Copy out all of the lines below exactly; the pictures do not belong in the copy.

▶ [THE DATA]
══════════════════════════════
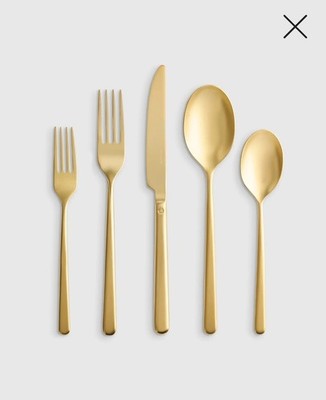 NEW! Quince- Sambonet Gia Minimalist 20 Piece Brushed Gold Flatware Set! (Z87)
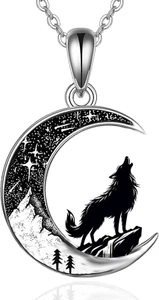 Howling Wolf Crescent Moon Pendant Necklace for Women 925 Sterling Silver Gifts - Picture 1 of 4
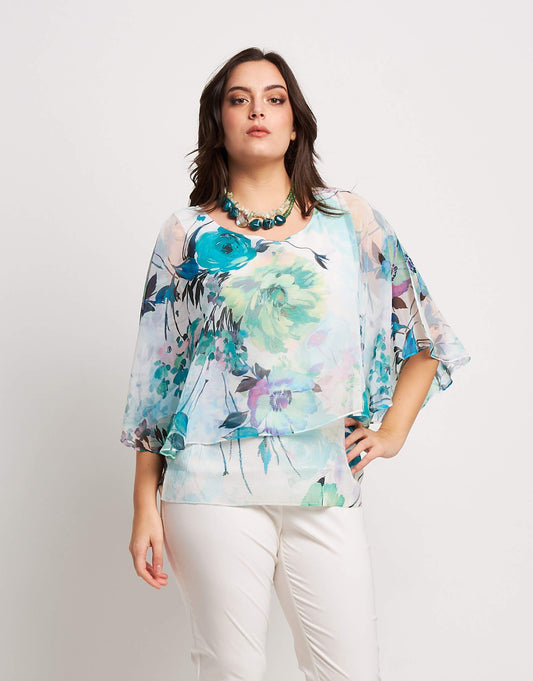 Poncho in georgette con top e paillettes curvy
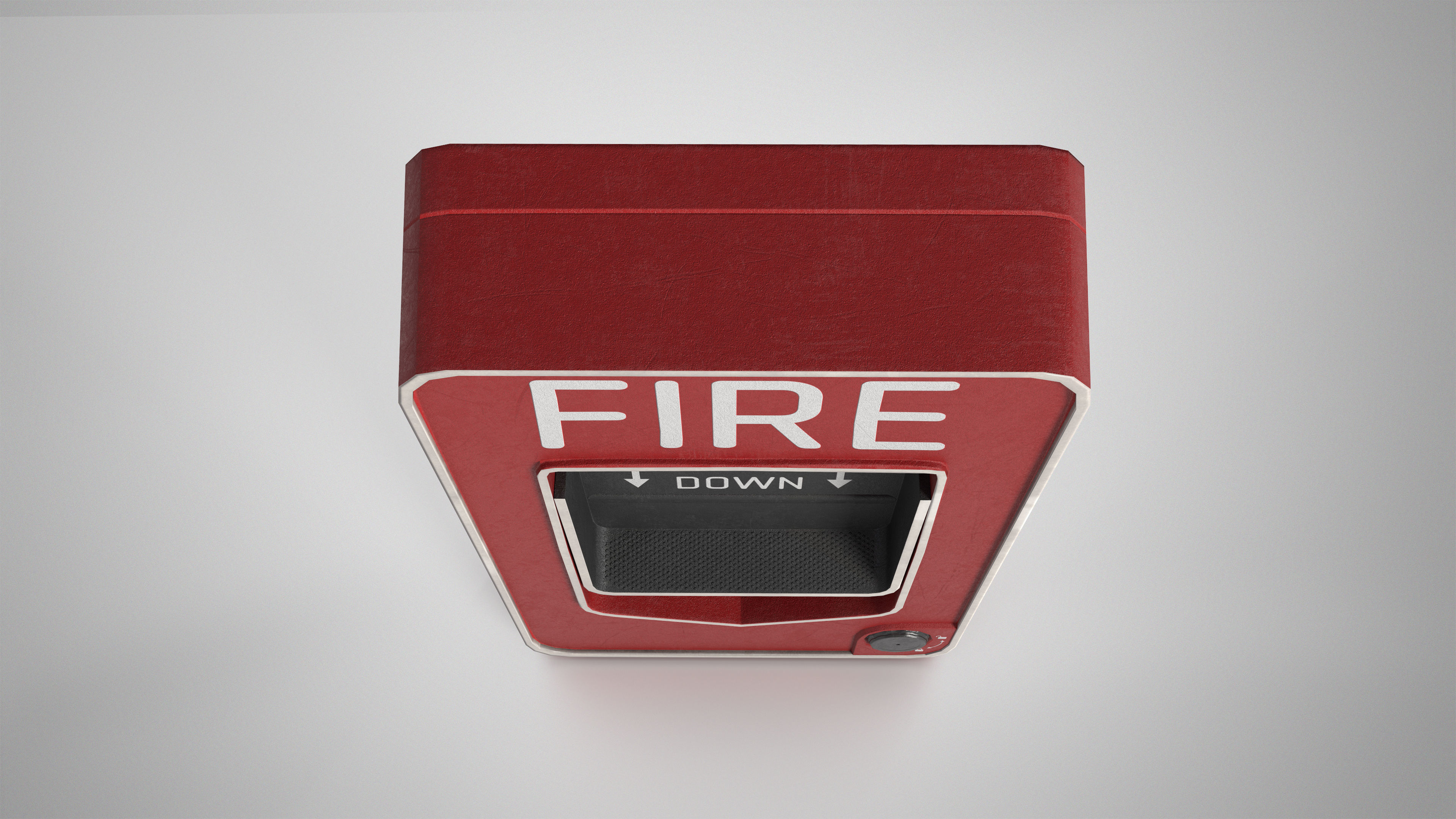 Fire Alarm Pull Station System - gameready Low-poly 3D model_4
══════════════════════════════
▶ [SOLVED PROBLEM]
 NEW! Quince- Sambonet Gia Minimalist 20 Piece Brushed Gold Flatware Set! (Z87)
 Howling Wolf Crescent Moon Pendant Necklace for Women 925 Sterling Silver Gifts - Picture 1 of 4
 Poncho in georgette con top e paillettes curvy
 Fire Alarm Pull Station System - gameready Low-poly 3D model_4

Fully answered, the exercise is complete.